A new study of the mass of ice capping Greenland reveals that the giant ice sheet burying the island has rapidly lost mass in recent years due to melting and iceberg calving. Between 2003 and 2005, the island’s low coastal areas shed 155 gigatons (41 cubic miles) of ice per year, while snow accumulation in the interior of the ice sheet was only 54 gigatons per year. The amount of ice lost in two years is roughly the same as the amount of water that flows through the Colorado River in 12 years. “In the 1990s, the ice was very close to balance with gains at about the same level as losses. That situation has now changed significantly,” said lead researcher Scott Luthcke of the Planetary Geodynamics Laboratory at NASA’s Goddard Space Flight Center.

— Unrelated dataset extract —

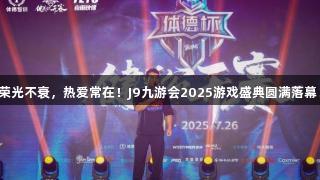 荣光不衰，热爱常在！J9九游会2025游戏盛典圆满落幕！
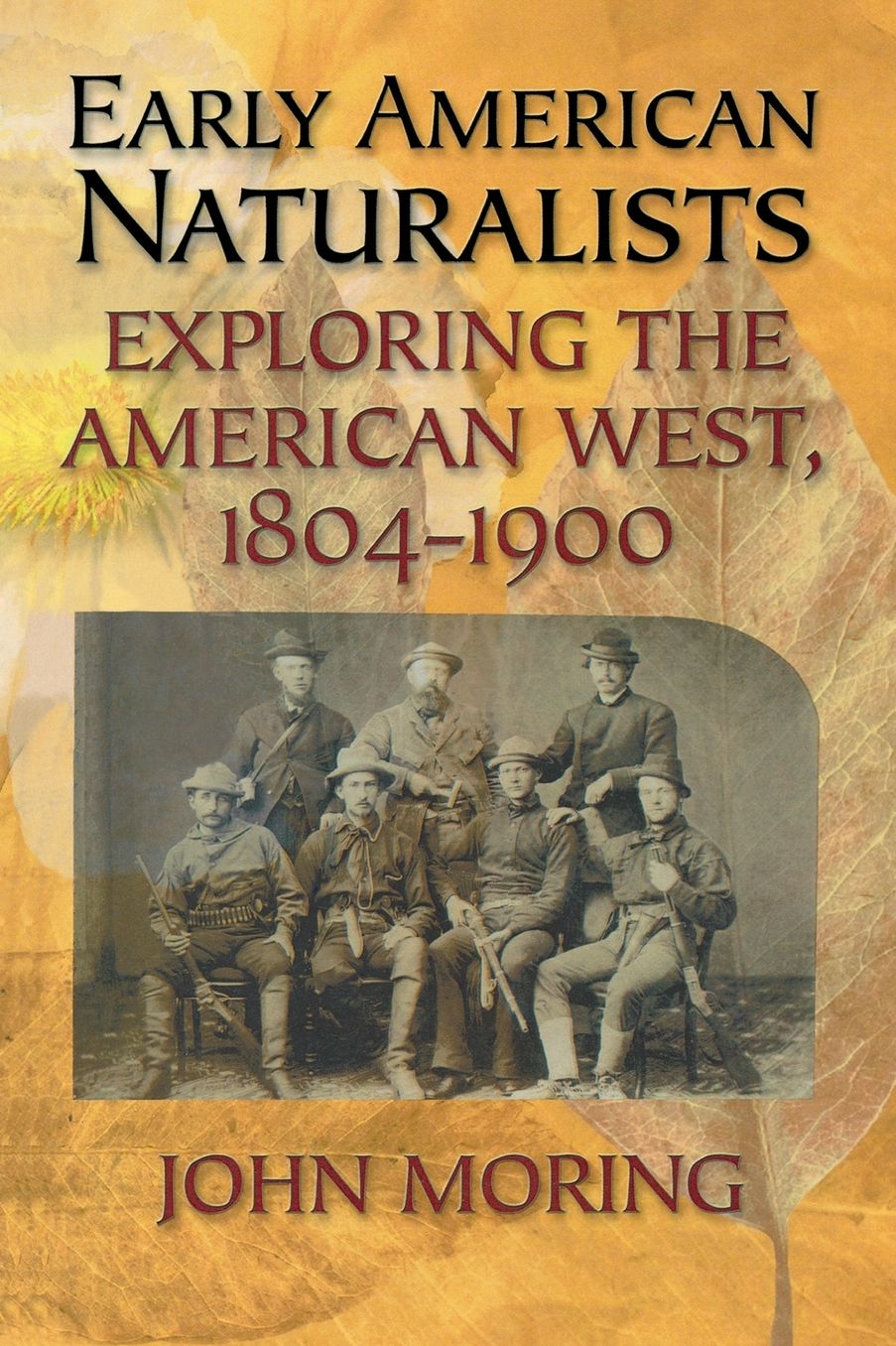 Early American Naturalists: Exploring the American West, 1804-1900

The research was based on observations made by NASA’s Gravity Recovery and Climate Experiment (GRACE) satellites. This image illustrates where Greenland gained mass during the study period and where it lost mass. While the equivalent of 10 to 15 centimeters of water per year accumulated over the core of the island (red and orange areas), an even larger area experienced losses (blue) of between 5 and 25 centimeters per year. Losses were highest over southeastern Greenland.

The GRACE satellites sense changes in mass beneath them by responding to changes in gravitational force (the gravitational force an object exerts on other objects increases with mass). As the twin satellites orbit the Earth in tandem, the distance between them changes based on changes in the gravitational force below. The gravitational force changes as a result of changes in the concentration of mass on the Earth below.

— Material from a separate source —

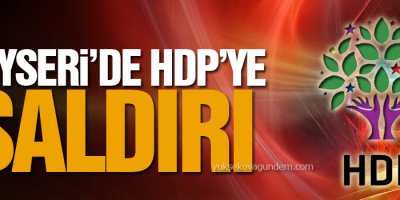 Kayseri’de HDP’ye saldırı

The study was based on data collected over Greenland every 10 days. Scientists divided the island into separate drainage basins, based on which direction the ice sheet flows from the interior toward the coasts. They further divided the basins into high- and low-elevation terrain. While the two northernmost basins were in balance—snow accumulation equal to melting and iceberg loss—the southeastern basins experienced a rapid decline in ice mass, especially at low elevations. Overall, Greenland lost 20 percent more mass than it received in snowfall each year. These results are consistent with overall trends in ice loss that other types of observations of Greenland have documented, including radar-based estimates of accelerating glacier flow off the ice sheet.

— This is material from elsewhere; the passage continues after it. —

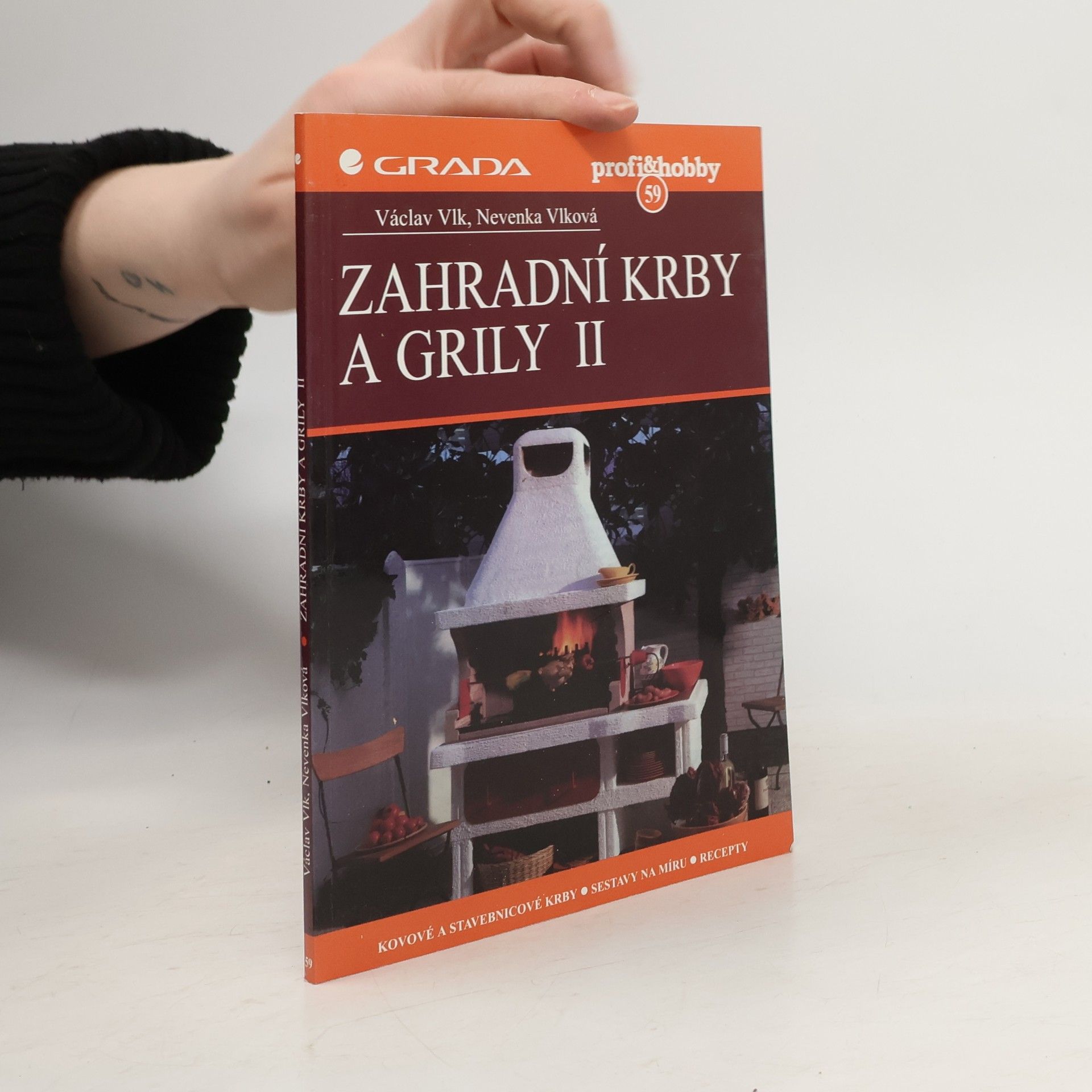 Václav Vlk Zahradní krby a grily II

According to one of the study’s authors, Jay Zwally of NASA’s Goddard Space Flight Center, “This is a very large change in a very short time. In the 1990s, the ice sheet was growing inland and shrinking significantly at the edges, which is what climate models predicted as a result of global warming. Now the processes of mass loss are clearly beginning to dominate the inland growth, and we are only in the early stages of the climate warming predicted for this century.”